Two Ordered Factors.

Suppose now that \(\hat{X}\) and \(\hat{Y}\) are both ordered variables. Kendall’s rank correlation coefficient measures the strength and direction of association by counting the number of concordant pairs (where the ranks agree) versus discordant pairs (where the ranks disagree). A value closer to \(1\) suggests positive association in rankings, a value closer to \(-1\) suggests a negative association, and a value of \(0\) suggests no association in the ordering. \[\begin{eqnarray} \hat{KT} = \frac{2}{n(n-1)} \sum_{i} \sum_{j > i} \text{sgn} \Bigl( (\hat{X}_{i} - \hat{X}_{j})(\hat{Y}_i - \hat{Y}_j) \Bigr), \end{eqnarray}\] where the sign function is: \[\begin{eqnarray} \text{sgn}(z) = \begin{cases} +1 & \text{if } z > 0\\ 0 & \text{if } z = 0 \\ -1 & \text{if } z < 0 \end{cases}. \end{eqnarray}\]

Code

xy <- USArrests[,c('Murder','UrbanPop')]
xy[,1] <- rank(xy[,1] )
xy[,2] <- rank(xy[,2] )
# plot(xy, pch=16, col=grey(0,.25))
KT <- cor(xy[, 1], xy[, 2], method = "kendall")
round(KT, 3)
## [1] 0.074

Tip

Test whether Kendal’s correlation statistic is statistically different from \(0\).

Code

xy <- USArrests[,c('Murder','UrbanPop')]
KT <- cor(xy[, 1], xy[, 2], method="kendall")

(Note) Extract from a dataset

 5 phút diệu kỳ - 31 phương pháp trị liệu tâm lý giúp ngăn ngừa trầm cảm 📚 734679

Kendall’s rank correlation coefficient can also be used for non-linear relationships, where Pearson’s correlation coefficient often falls short. It almost always helps to visual your data first before summarizing it with a statistic.

Two Unordered Factors.

Suppose \(\hat{X}\) and \(\hat{Y}\) are both categorical variables; the value of \(\hat{X}\) is one of \(1...K\) categories and the value of \(\hat{Y}\) is one of \(1...J\) categories. We organize such data as a contingency table with \(K\) rows and \(J\) columns and use Cramer’s V to quantify the strength of association by adjusting a chi-squared statistic to provide a measure that ranges from \(0\) to \(1\); \(0\) suggests no association while a value closer to \(1\) suggests a strong association.

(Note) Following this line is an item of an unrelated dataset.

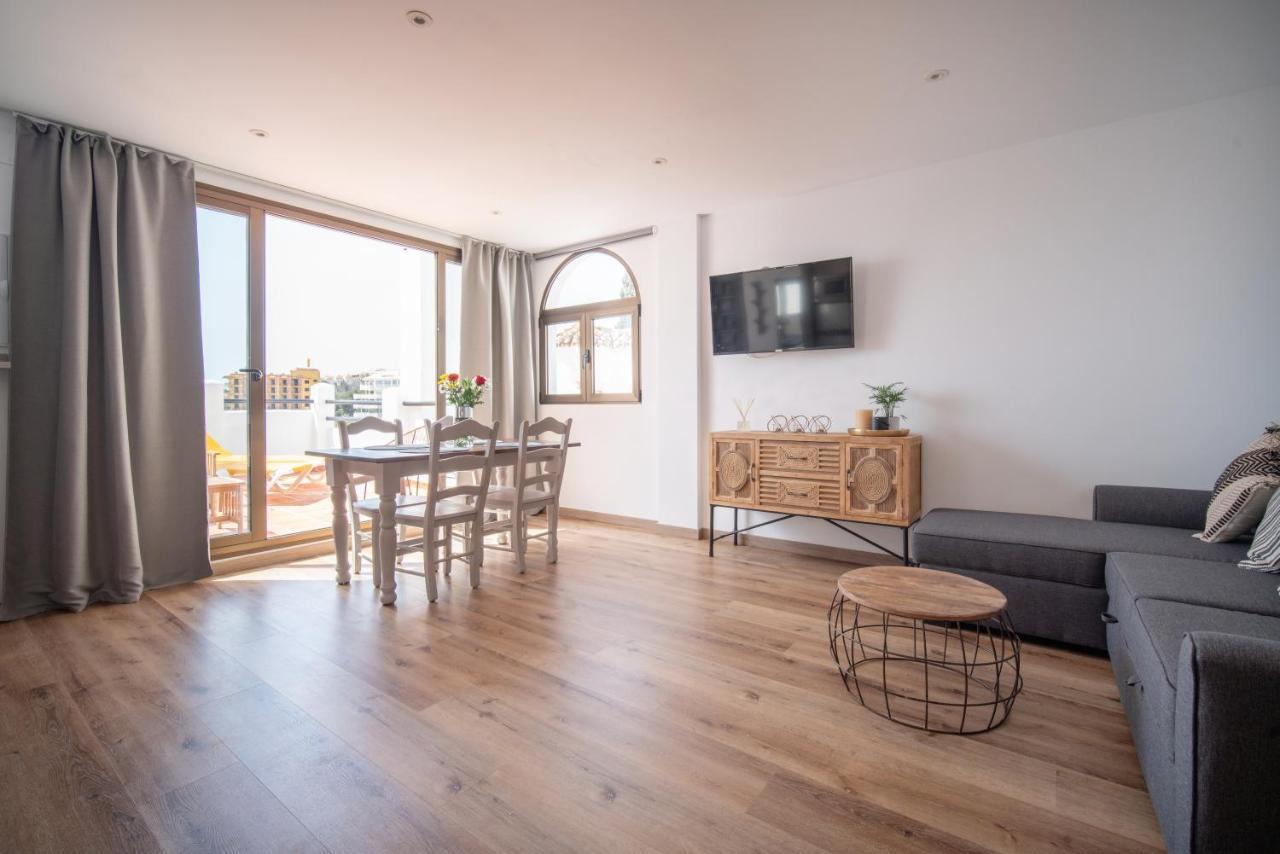 Freshly Renovated, Modern Penthouse Pueblo Evita! Benalmádena Esterno foto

First, compute the chi-square statistic: \[\begin{eqnarray} \hat{\chi}^2 = \sum_{k=1}^{K} \sum_{j=1}^{J} \frac{(\hat{O}_{kj} - \hat{E}_{kj})^2}{\hat{E}_{kj}}. \end{eqnarray}\]

where

\(\hat{O}_{kj}\) denote the observed frequency in cell \((k, j)\),
\(\hat{E}_{kj} = \hat{RF}_{k} \cdot \hat{CF}_j / n\) is the expected frequency for each cell if \(\hat{X}\) and \(\hat{Y}\) are independent
\(\hat{RF}_{k}\) denotes the total frequency for row \(k\) (i.e., \(\hat{RF}_i = \sum_{j=1}^{J} \hat{O}_{kj}\)),
\(\hat{CF}_{j}\) denotes the total frequency for column \(j\) (i.e., \(\hat{CF}_{j} = \sum_{k=1}^{K} \hat{O}_{kj}\)),

Second, normalize the chi-square statistic with the sample size and the degrees of freedom to compute Cramer’s V. Recalling that \(I\) is the number of categories for \(\hat{X}\), and \(J\) is the number of categories for \(\hat{Y}\), the statistic is \[\begin{eqnarray} \hat{CV} = \sqrt{\frac{\hat{\chi}^2 / n}{\min(J - 1, \, K - 1)}}. \end{eqnarray}\]

Code

xy <- USArrests[,c('Murder','UrbanPop')]
xy[,1] <- cut(xy[,1],3)
xy[,2] <- cut(xy[,2],4)
table(xy)
##               UrbanPop
## Murder         (31.9,46.8] (46.8,61.5] (61.5,76.2] (76.2,91.1]
##   (0.783,6.33]           4           5           8           5
##   (6.33,11.9]            0           4           7           6
##   (11.9,17.4]            2           4           2           3

CV <- function(xy){
    # Create a contingency table from the categorical variables
    tbl <- table(xy)
    # Compute the chi-square statistic (without Yates' continuity correction)
    chi2 <- chisq.test(tbl, correct=FALSE)[['statistic']]
    # Total sample size
    n <- sum(tbl)
    # Compute the minimum degrees of freedom (min(rows-1, columns-1))
    df_min <- min(nrow(tbl) - 1, ncol(tbl) - 1)
    # Calculate Cramer's V
    V <- sqrt((chi2 / n) / df_min)
    return(V)
}
CV(xy)
## X-squared 
## 0.2307071

# DescTools::CramerV( table(xy) )

11.2 Probability Theory

We will now dig a little deeper theoretically into the statistics we compute. When we know how the data are generated theoretically, we can often compute the theoretical value of the most basic and often-used bivariate statistic: the Pearson correlation. To see this, we focus on two discrete random variables, first showing their covariance, \(\mathbb{C}[X_{i}, Y_{i}]\), and then their correlation \(\mathbb{R}[X_{i}, Y_{i}]\); \[\begin{eqnarray} \mathbb{C}[X_{i}, Y_{i}] &=& \mathbb{E}[(X_{i} – \mathbb{E}[X_{i}])(Y_{i} – \mathbb{E}[Y_{i}])] = \sum_{x}\sum_{y} \mathbb{E}[(x – \mathbb{E}[X_{i}])(y – \mathbb{E}[Y_{i}])] Prob(X_{i} = x, Y_{i} = y) \\ \mathbb{R}[X_{i}, Y_{i}] &=& \frac{\mathbb{C}[X_{i}, Y_{i}] }{ \mathbb{s}[X_{i}] \mathbb{s}[Y_{i}] } \end{eqnarray}\]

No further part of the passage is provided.